9th District Councilor Nicole Jones was excited at Tuesday's formal launch and shared the news of her district's input.

"We gotta keep this energy going though," she said. "We've got to keep it going. So continue to submit forms. So come out to one of the in-person locations."

By March 2025, residents will be able to vote online and at pop up events on district-specific and city-wide ballots. The next phase of the process should begin by July 2025, as winning proposals become eligible for funding.

Matthew Slaats, a city official helping to oversee the process, considers this first year as fielding and finalizing the projects before seeing efforts on their implementation next year.

Of the $3 million allocated, each district will get $200,000 towards projects with the remaining funding to be a supplemental amount for districts that have historically been underinvested in -- such as Richmond's 8th, 9th, 6th, 7th and 3rd districts.

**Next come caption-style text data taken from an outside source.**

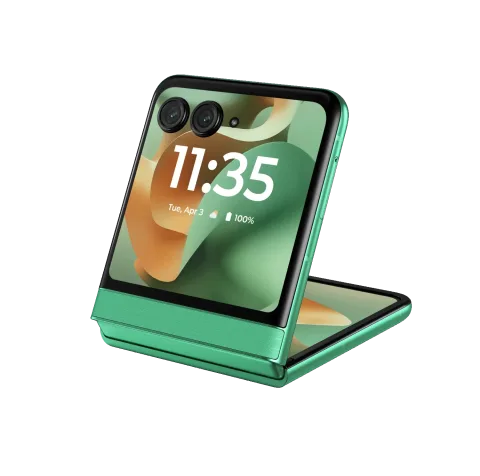 Motorola Razr 60 in Spring Bud green, flex mode
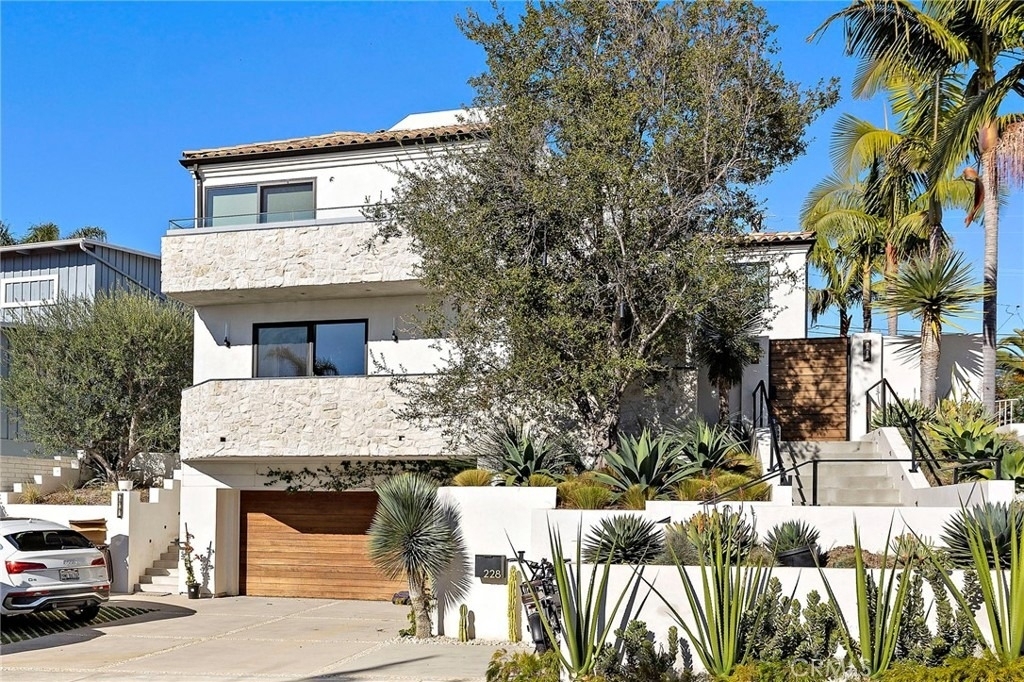 228 W Avenida Cordoba - Photo 0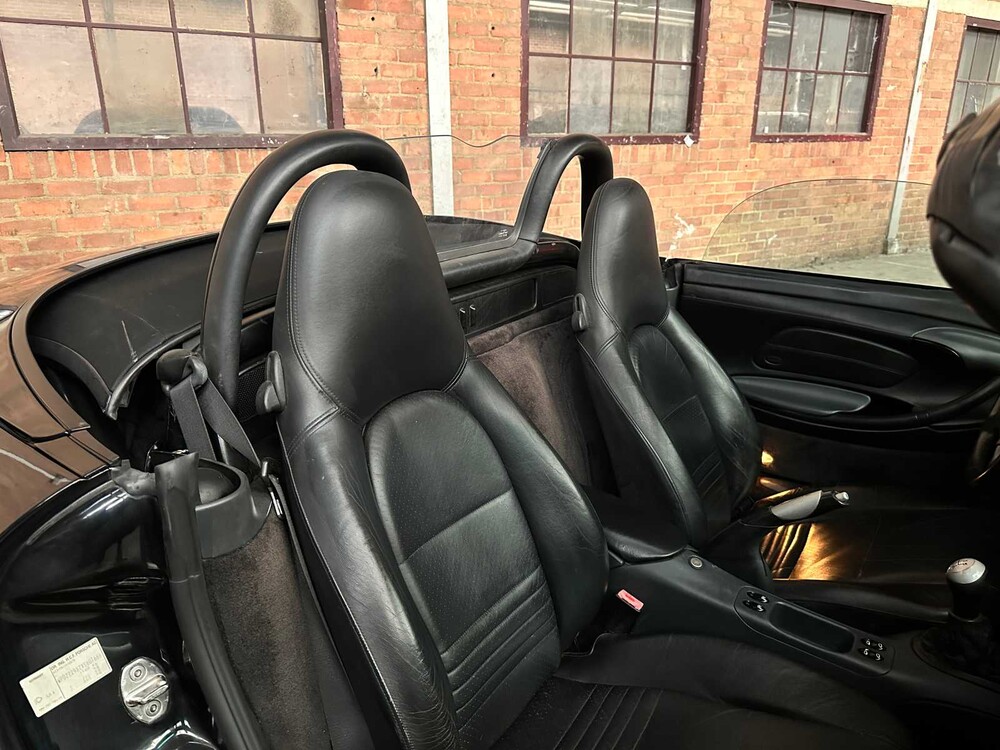 Porsche Boxster 2.5 204hp 1999, 92-HGH-7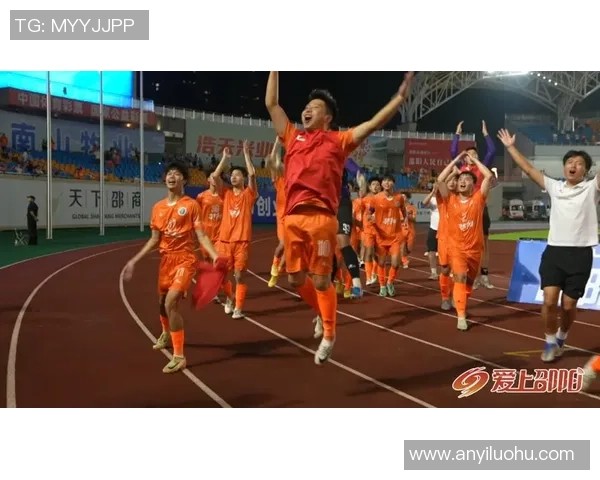 学生们齐声念出足球明星名字展现热爱与激情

Slaats said there will be further conversations among the commission from there to ensure money is going deeper into the portions of those districts that need it most. He pointed to Richmond's 6th district for example, as it includes some of Richmond's high-earning households along with some of its lowest-income households.

For Jones' district, the 9th, she said that some of her constituents' submissions so far have included creating a "Welcome to the South Side" sign. Several districts south of the James River have been historically Black and subject to redlining and underinvestment.

When mapping Richmond in the 1930s for part of a Depression-era program to revive the nation's housing market, appraisers lined Black-populated neighborhoods in red and labeled them "hazardous" for home loans. The effects linger today, as many of these areas have had less public infrastructure and investment. Allocating more of the People's Budget to parts of these districts is a chance to infuse equity into modern-day capital improvement projects, several speakers at Tuesday's launch noted.

While the Richmond People's Budget is a first-of-its-kind in Virginia, it's a process that originated in Brazil and has been adopted by thousands of local governments, school boards and other entities since the late 1980s. Charlottesville city council considered implementing the process a few years ago before reversing course.

Closer to Virginia, Slaats said cities like Durham and Greensboro in North Carolina have implemented participatory budget processes several years in a row, with projects ranging from improvements to public parks and recreational centers to safety enhancements at public housing complexes and funding social programs.

For now, Richmond's pilot is focused on capital improvement projects.

Slaats said to think of it as "we're not funding an after-school swimming program, but we are fixing the pool."

He and Addison noted the potential for the concept to grow. Slaats said that he and the committee have been in talks with members of Virginia's General Assembly and other localities in Virginia with the hopes to see it "spread around Virginia."